▶ _Requirement_
Copy the lines below exactly, starting at the one with "With Honor - Heart" and ending at the one with "A-OTF-MidashiMinPr5-MA31字体转换", and leave out any picture.

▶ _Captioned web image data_
_ _ _ _

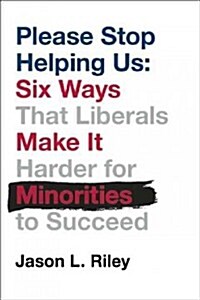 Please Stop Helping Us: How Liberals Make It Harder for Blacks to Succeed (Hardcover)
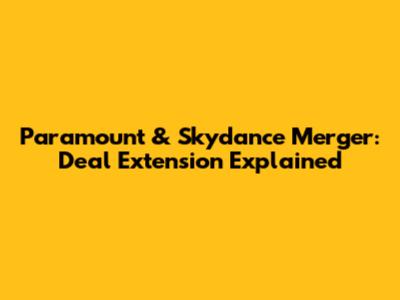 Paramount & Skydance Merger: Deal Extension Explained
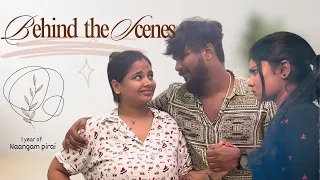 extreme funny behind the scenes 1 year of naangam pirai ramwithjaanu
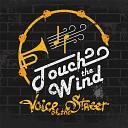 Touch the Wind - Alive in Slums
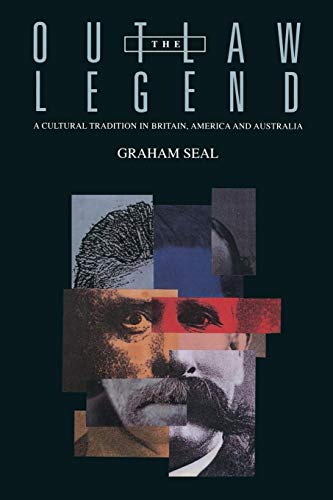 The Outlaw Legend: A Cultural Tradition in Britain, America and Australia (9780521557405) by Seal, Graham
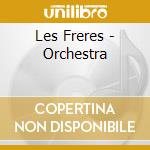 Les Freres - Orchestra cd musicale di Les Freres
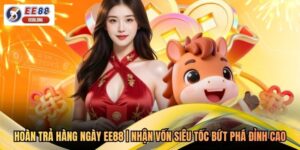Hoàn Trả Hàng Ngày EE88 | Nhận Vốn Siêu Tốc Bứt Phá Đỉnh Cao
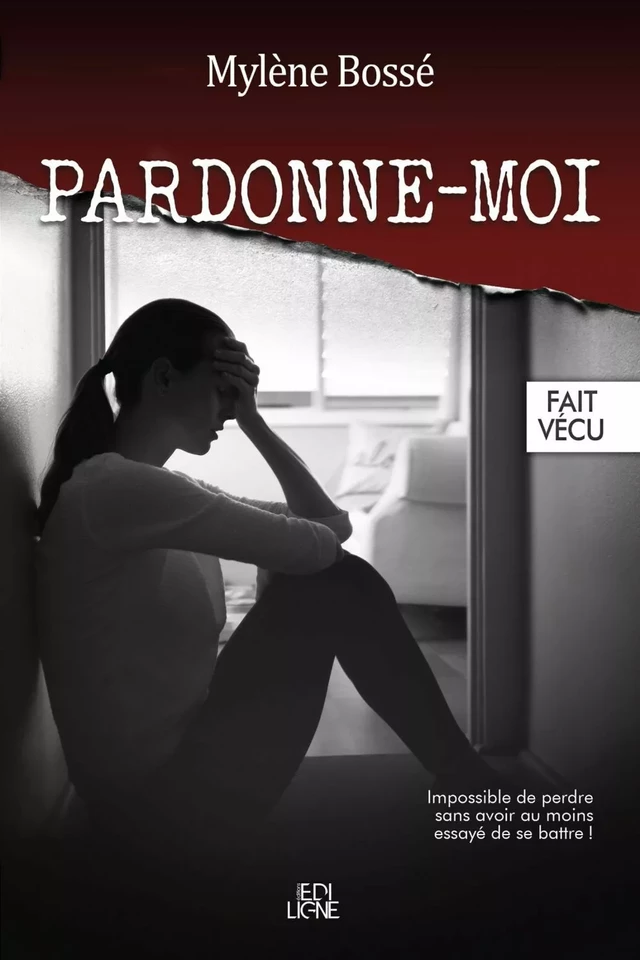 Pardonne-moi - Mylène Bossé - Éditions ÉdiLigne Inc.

_ _ _ _

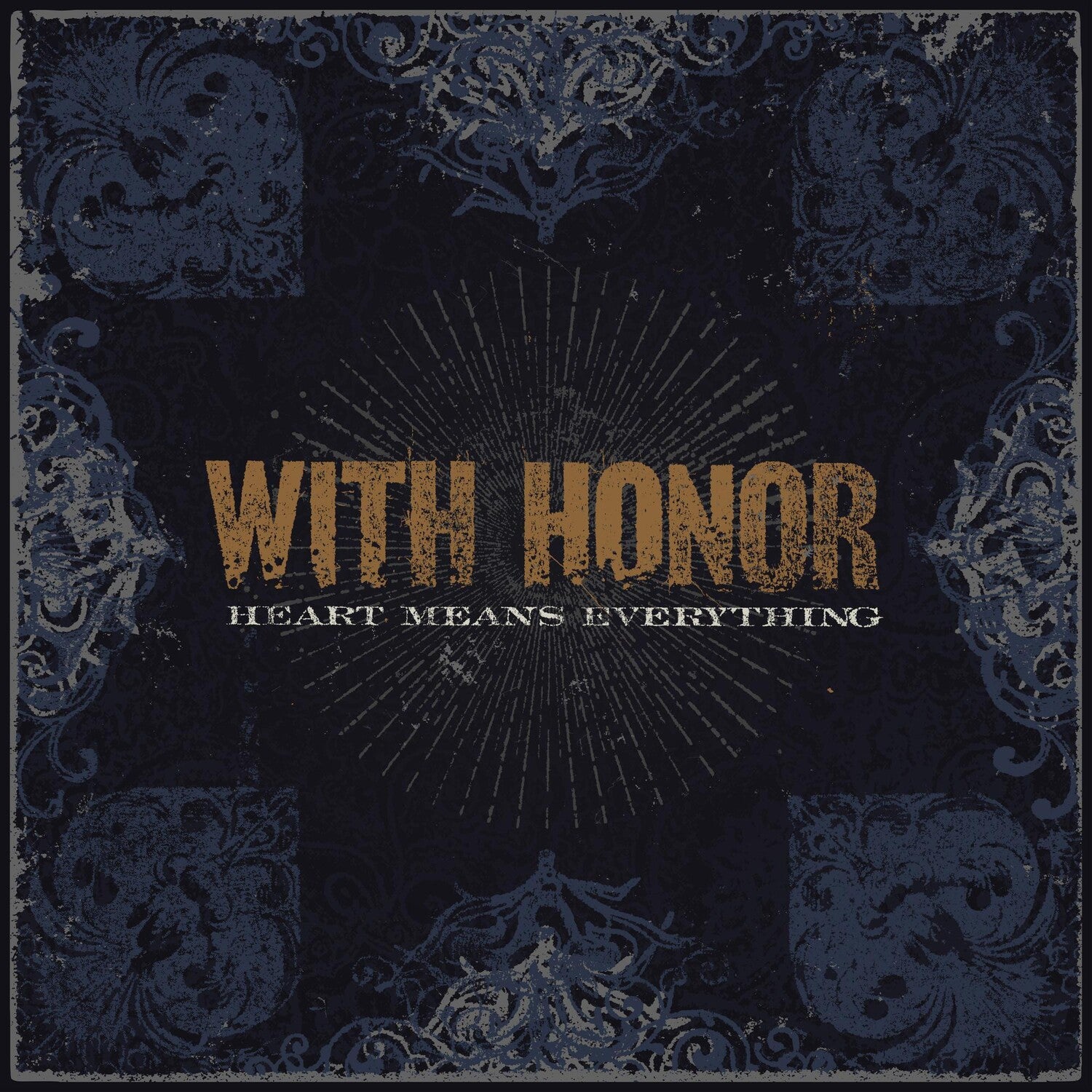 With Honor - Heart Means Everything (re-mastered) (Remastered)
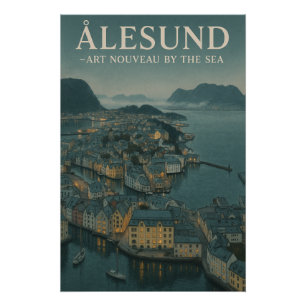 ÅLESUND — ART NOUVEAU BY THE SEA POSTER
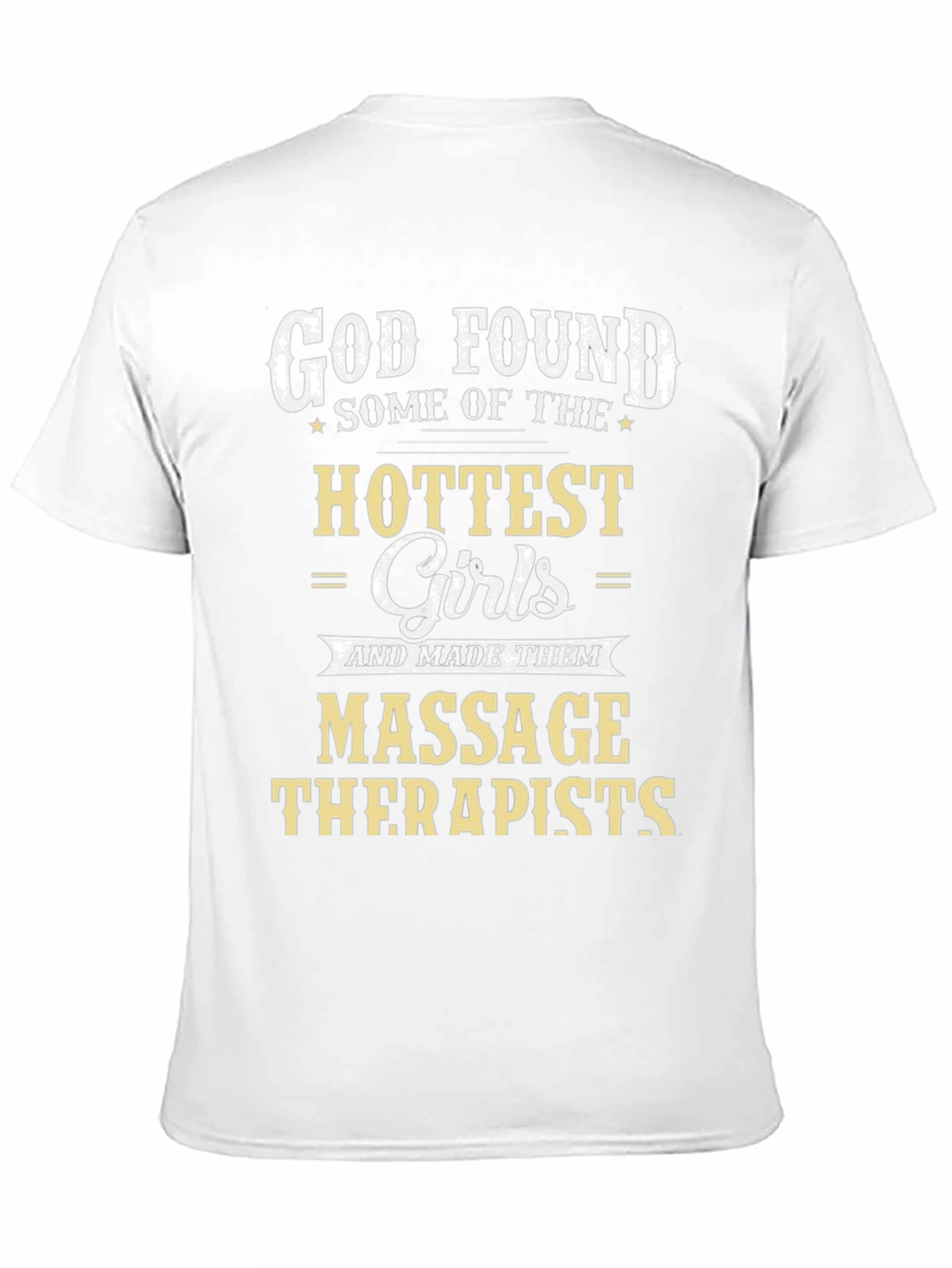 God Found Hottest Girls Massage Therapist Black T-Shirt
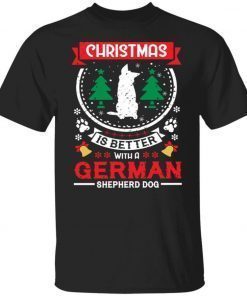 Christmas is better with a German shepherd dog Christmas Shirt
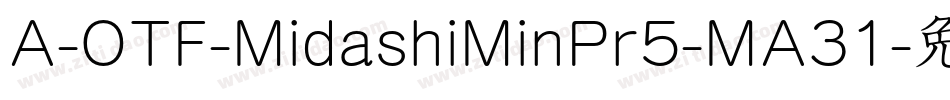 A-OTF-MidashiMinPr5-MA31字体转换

_ _ _ _

▶ _Result of the exercise_
 With Honor - Heart Means Everything (re-mastered) (Remastered)
 ÅLESUND — ART NOUVEAU BY THE SEA POSTER
 God Found Hottest Girls Massage Therapist Black T-Shirt
 Christmas is better with a German shepherd dog Christmas Shirt
 A-OTF-MidashiMinPr5-MA31字体转换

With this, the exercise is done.